CHICAGO — The former comptroller of Harvey, Ill., has been fined and barred from future municipal bond offerings for materially misleading investors about several bond offerings from the city.

U.S. District Judge Amy J. St. Eve in the Northern District of Illinois entered a default judgment against Joseph T. Letke on Tuesday.

He was ordered to pay more than $200,000 in fines.

The Securities and Exchange Commission sought the judgment against Letke, who sought hearing delays and still failed to answer the complaint.

The judgment brings to a close the civil case the SEC launched in June accusing the city and Letke of misleading investors on several bond offerings by diverting bond proceeds from their intended use. Harvey settled the case in December.

The judgment is among the first to bar a former municipal official from participating in future bond offerings. The SEC sought the same permanent injunction against two Allen Park, Mich., officials in November, and a federal judge granted that condition in a settlement Wednesday. In 2012, the SEC sought to bar former Detroit Mayor Kwame Kilpatrick and the city's former treasurer from participating in any decisions involving investments in securities by public pensions.

Letke is "permanently restrained and enjoined from, directly or indirectly, participating in any municipal securities offerings as an adviser or consultant to any participant in such an offering."

The judgment further enjoins Letke from future violations of various securities laws. He was also ordered to pay $217,000 in fines, which includes the disgorgement of $164,000, prejudgment interest and a civil penalty of $30,000.

"By abusing his position of trust as a Harvey public official and as a financial advisor to Harvey over a multi-year period, Letke has demonstrated that he is unfit to participate in municipal securities offerings," said the SEC's request for a default judgment. "Accordingly, the court should bar Letke from future participation in municipal securities offerings to protect investors against possible future misconduct by Letke."

The SEC's June complaint marked the first instance in which the agency sought an emergency court order to halt a municipal bond offering. The court granted the temporary injunction when it discovered during the course of an investigation into the city's use of past bond proceeds that Harvey was planning to issue more bonds.

SEC investigators found that Harvey had diverted about $1.7 million from offerings that were supposed to finance a hotel and conference center. The unfinished project was abandoned. The official statements made no mention of proceeds being diverted.

The complaint accused Letke of pocketing hundreds of thousands of illicit bond proceeds through a years-long scheme that began in 2008 and involved bond issues in 2008, 2009, and 2010 to finance the hotel project in the financially stressed suburb hungry for economic development.

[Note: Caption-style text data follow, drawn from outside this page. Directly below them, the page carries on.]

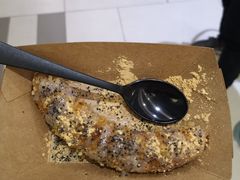 香蕉-炸物局(泊富I CITY店)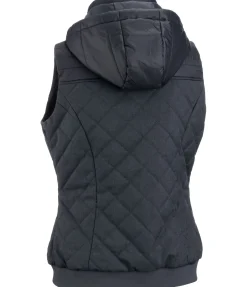 STONEDEEK Gilet femme Winnie navy foncé Discount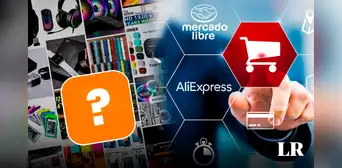 Esta nueva tienda online destronaría a AliExpress en Latinoamérica: solo ofrece envíos gratis Esta nueva tienda online destronaría a AliExpress en Latinoamérica: solo ofrece envíos gratis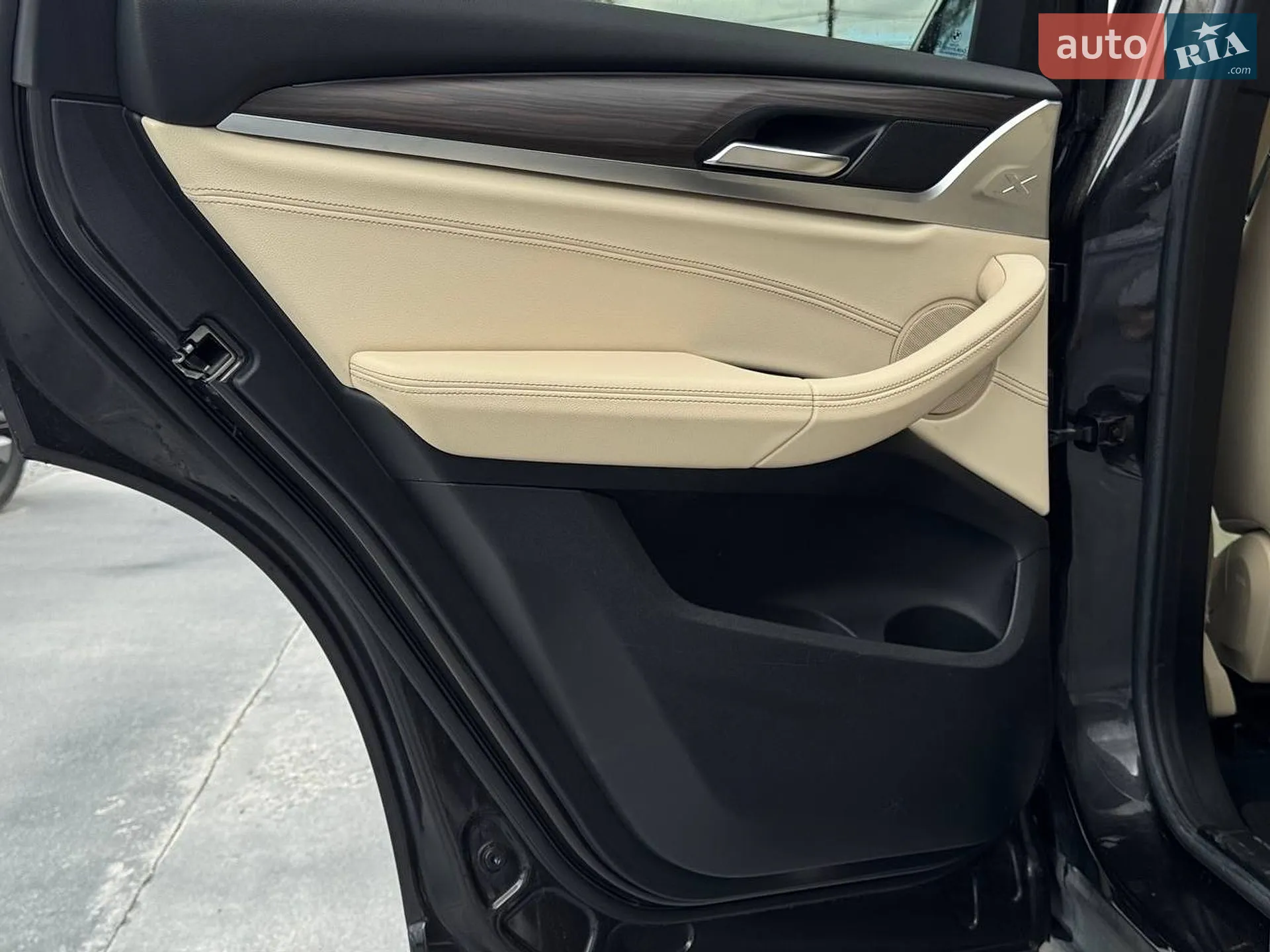 2019 BMW X3 - мініатюра 48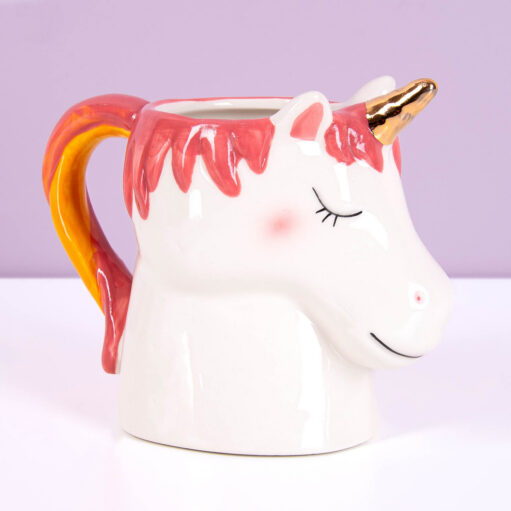 Einhorn Tasse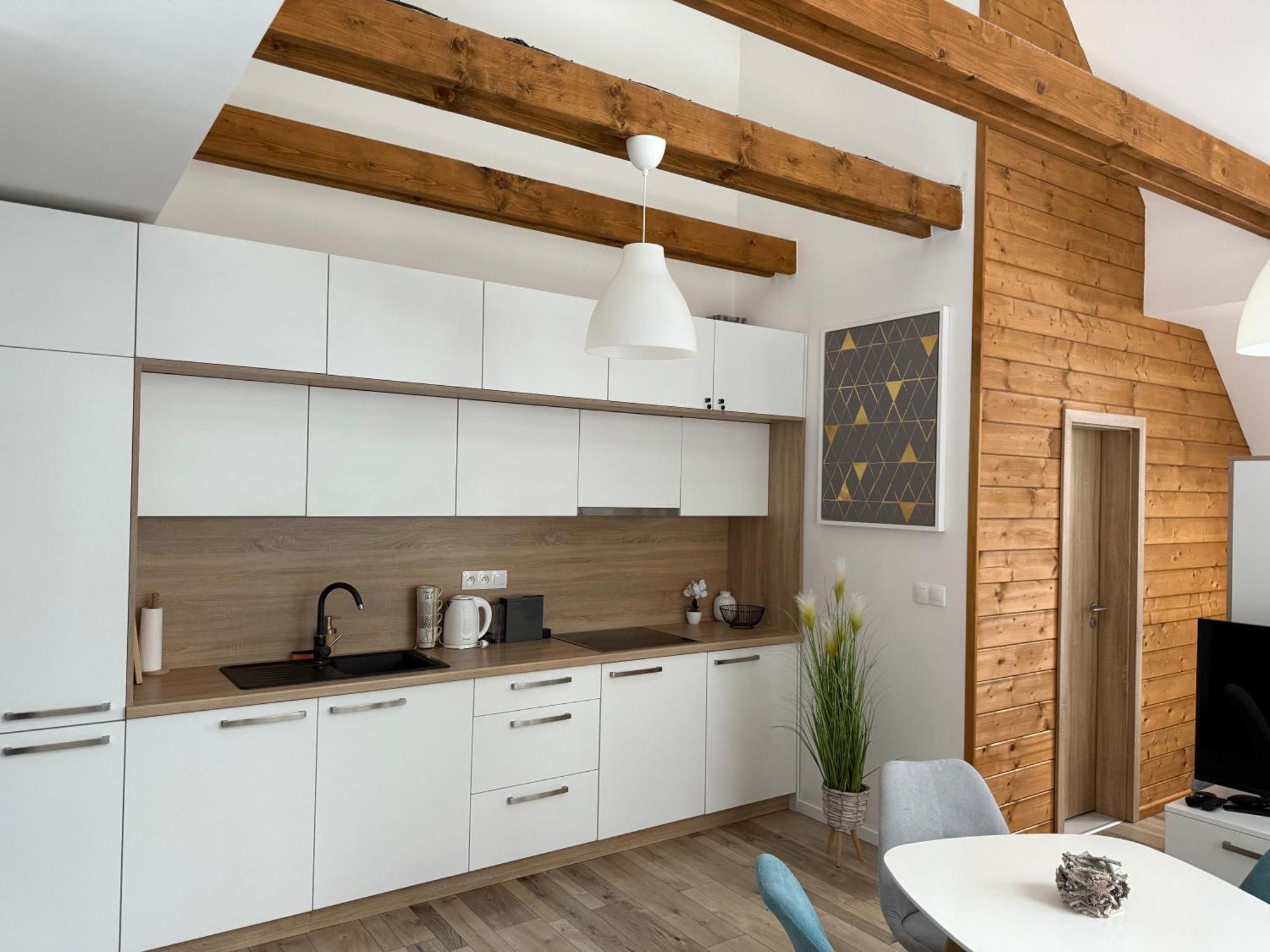 3 Apartmany Ski Jasna Demanovska Dolina Exterior foto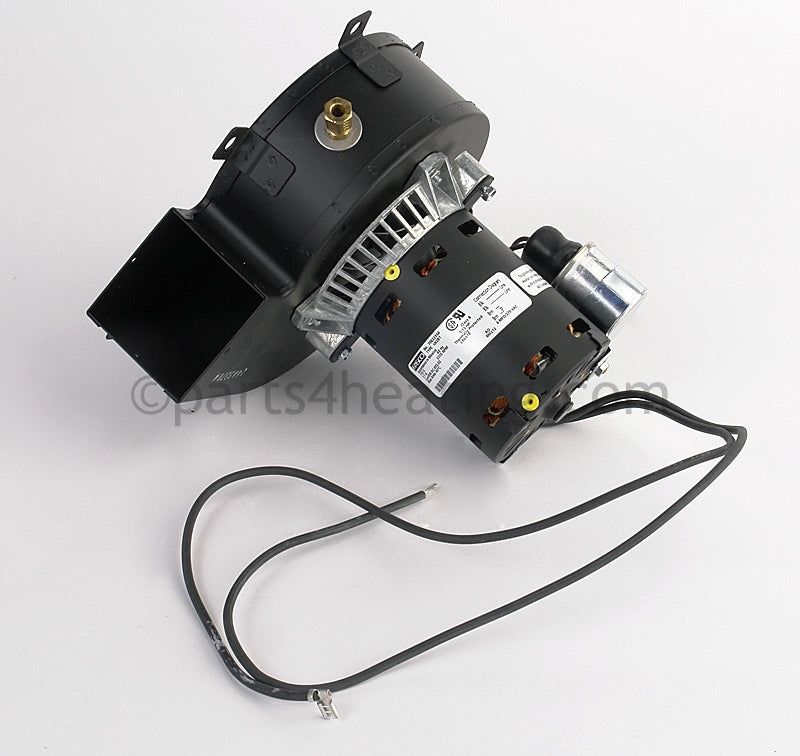 ECR International Fan Blower - Part Number: 5612802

Letke invoked his Fifth Amendment right against self-incrimination. The complaint outlined a scheme in which Letke, a certified public accountant, received "undisclosed payments" from the developer while also receiving city consulting fees.

Letke owned private firms that benefitted from city work and the bond sales. In addition to serving as comptroller, he operated the firm Letke & Associates, Inc., and is a principal shareholder in Alli Financial and Public Funding Enterprises, the SEC complaint said.

In addition to Letke's improper pocketing of bond proceeds, other proceeds were also improperly steered to support the city's operations including its payroll.

Letke and his firm served as a financial advisor to Harvey in connection with the 2008, 2009 and 2010 financings. In total, the SEC said, Letke and his businesses received at least $1.9 million between 2008 and 2010 relating to work for the city. He also received "undisclosed" fees that added to his compensation and were not reported in offering statements.

"Harvey's bond investors were misled into believing their money would go toward construction of a Holiday Inn when instead the bulk of it was diverted into Harvey's general coffers and Letke's pocket," said David Glockner, director of SEC's Chicago Regional Office, in a previous statement.

The bonds were sold with a limited obligation backing. Depending on the issue, revenue streams dedicated to supporting the bonds included a hotel-motel tax, sales tax revenue, or revenue generated within the project's tax-increment financing district.

Letke was also in line to receive fees tied to the proposed 2014 bond issue that was halted by the SEC action, for his work as advisor to the city and preparing a feasibility study on the projects through a private company. The 2014 issue was also structured as a limited obligation of the city payable from TIF revenues. Proceeds were supposed to fund construction of a grocery store.

Letke has come under scrutiny for his consulting role in other south suburban municipalities and agencies like the South Suburban Joint Action Water Agency.

That consulting work is the subject of a separate federal probe, according to published reports. Letke also served as comptroller to several south suburban communities.

The city in December agreed to cease violating federal securities laws and to hire an independent consultant and audit firm as part of its settlement in which it did not admit or deny the SEC allegations. The city also agreed to a prohibition against issuing municipal bonds for three years unless it uses an independent disclosure counsel for offerings. The choice of disclosure counsel must be acceptable to the SEC. City officials said the settlement will allow it to move forward as its fiscal troubles continue.